Al Satterwhite - Fields Of Color

Al Satterwhite made his mark with saturated color design. His refusal to be categorized has allowed him to leave it virtually everywhere.



“I live 6,000 feet up in the mountains, and I took a print I made digitally with Lyson's Fotonic dye-based ink and blocked off half the print, then stuck it up in my window, which gets intense direct sunlight about half the day. I left it there for about a month, figuring it would disappear—and I could barely, barely tell the difference between the two sides of the print. I know if I put one of my C-prints in that window under those conditions, it would be gone.”

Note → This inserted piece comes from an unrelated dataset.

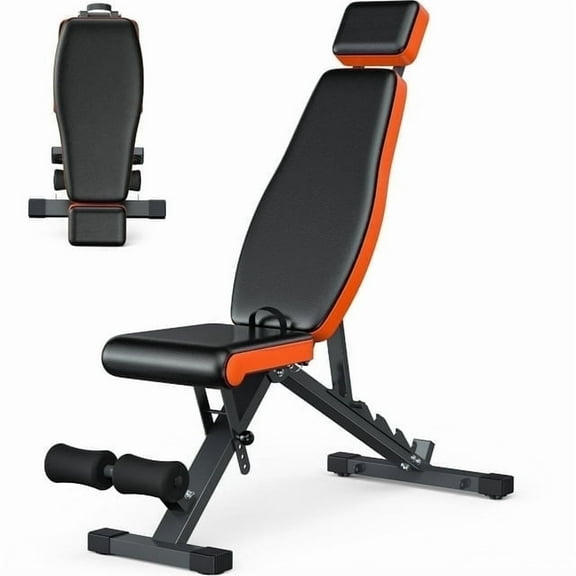 GIKPAL 8 Positions Adjustable Weight Bench With Extended Headrest,Foldable Workout Bench Olympic Weight Bench Press for Home Gym Full Body Strength Training,Support up to 800lbs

According to Satterwhite, the difference between dye (e.g., Lyson Fotonic) and pigmented inks (e.g., Lyson Cave­Paint, Epson Ultra-Chrome) is that dyes are all more vibrant. So with the Lyson dye-based ink, he has been able to make strides toward achieving the saturated color effect he liked in the now-discontinued Kodachrome 25.

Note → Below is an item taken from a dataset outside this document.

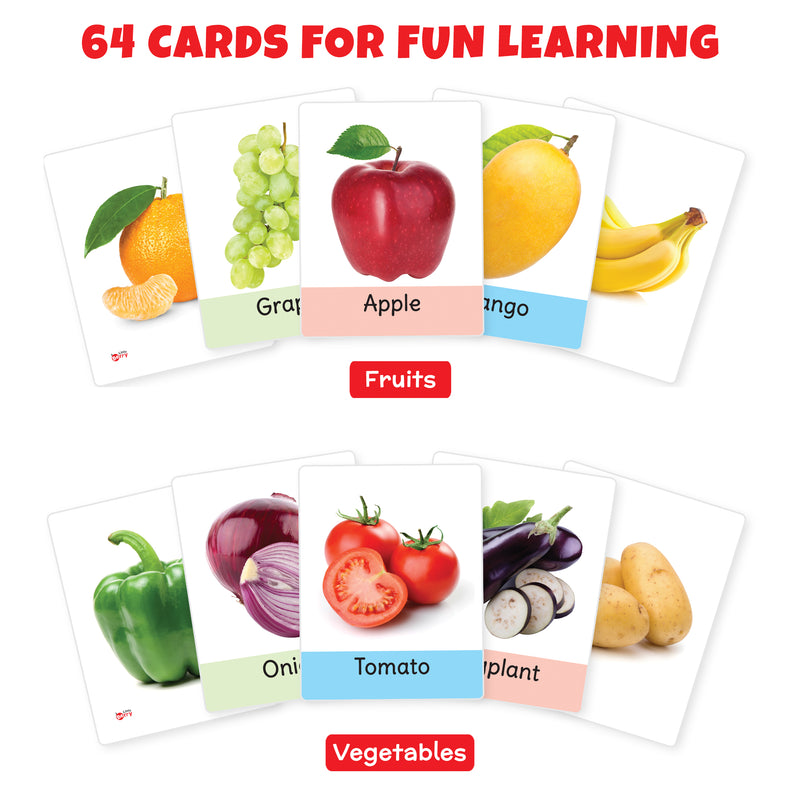 Little Berry Big Flash Cards for Kids (Set of 2): Fruits and Vegetables - 64 Cards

In many cases, Satterwhite says that digital prints are superior to tradi­tional ones.

“I had a client buy a couple of black-and-white prints, and he wanted silver prints, so I took them down to the lab and they made some silver prints for me,” he says. “A year later, he wanted to buy several more copies of the same image. I knew what I could do with it in the lab, but I had wanted to fiddle with it digitally, so I made some prints until I got to the point where I was really happy with it. Then I had one printed in the lab at the same size, 11x14 inches. I put it side by side and the difference is night and day—I got much better shadow detail and bolder highlights on the digital print. I took it into the lab and asked why they couldn't do this. They acknowledged that there are some things they can't do; so in some cases, it's clear to me that you can do better prints digitally.”

As photographers become more comfortable with digital print technol­ogy—and more familiar with the developments in digital inks and in papers—Satterwhite expects them to take over the printmaking task in a big way.

“They'll save time, make more money and have their visions realized more precisely,” he concludes. “So why wouldn't they do this?”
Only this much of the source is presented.